The previous Log Edit Operation will give us the flexibility to edit a Durable Log in any way. However, there is one more caveat to it: Adding and replacing Operations in a Durable Log requires to create them somehow. The tool also helps the administrator to create new Operations, and thus it will ask the admin for all the required information needed to instantiate such Operations (you may need to think about that before running the tool). In the following, we describe the Operations that an admin can create via this tool and the information that will be requested: - DeleteSegmentOperation: segmentId (long), offset (long). - MergeSegmentOperation: targetSegmentId (long), sourceSegmentId (long), offset (long). - MetadataCheckpointOperation: content (ByteArraySegment). - StorageMetadataCheckpointOperation: content (ByteArraySegment). - StreamSegmentAppendOperation: segmentId (long), offset (long), content (ByteArraySegment), attributeUpdates (AttributeUpdateCollection). - StreamSegmentMapOperation: segmentProperties (SegmentProperties). - StreamSegmentSealOperation: segmentId (long), offset (long). - StreamSegmentTruncateOperation: segmentId (long), offset (long). - UpdateAttributesOperation: segmentId (long), attributeUpdates (AttributeUpdateCollection).

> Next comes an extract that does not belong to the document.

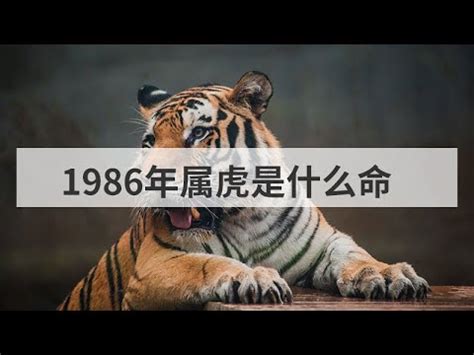 1986生肖五行|1986年属虎的五行命理分析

Visibly, creating many of these Operations is relatively easy, as they require simple values to build them. However, there are other Operations that require instantiating more complex inputs in form of objects. We provide more information on these in the following: - AttributeUpdateCollection: To instantiate an AttributeUpdateCollection, the tool will require zero or more AttributeUpdate objects. Each AttributeUpdate is made by an AttributeId (String, currently we support only UUID), type (byte), value (long), and comparisonValue (long). - SegmentProperties: To instantiate a SegmentProperties object, the tool will require as input the segmentName (String), offset (long), length (long), storageLength (long), sealed (boolean), sealedInStorage (boolean), deleted (boolean), deletedInStorage (boolean), and zero or more pairs of attributes, each one consisting of AttributeId (String, currently we support only UUID) and value (long). - ByteArraySegment (contents): Currently, the tool supports two ways of adding content to the Operations requiring it: i) zero, which means create a byte array full of zeros of a length specified by the admin; ii) file, so the admin can provide a path to a file which contains the right contents to be set on a specific Operation. Given that the content of appends and checkpoints may be quite complex, at the moment the most reasonable way to generate actual Operation contents may be to create ad-hoc script/tools for generating the contents in a file, and this tool will pick these contents and use them to repair the damaged Durable Log.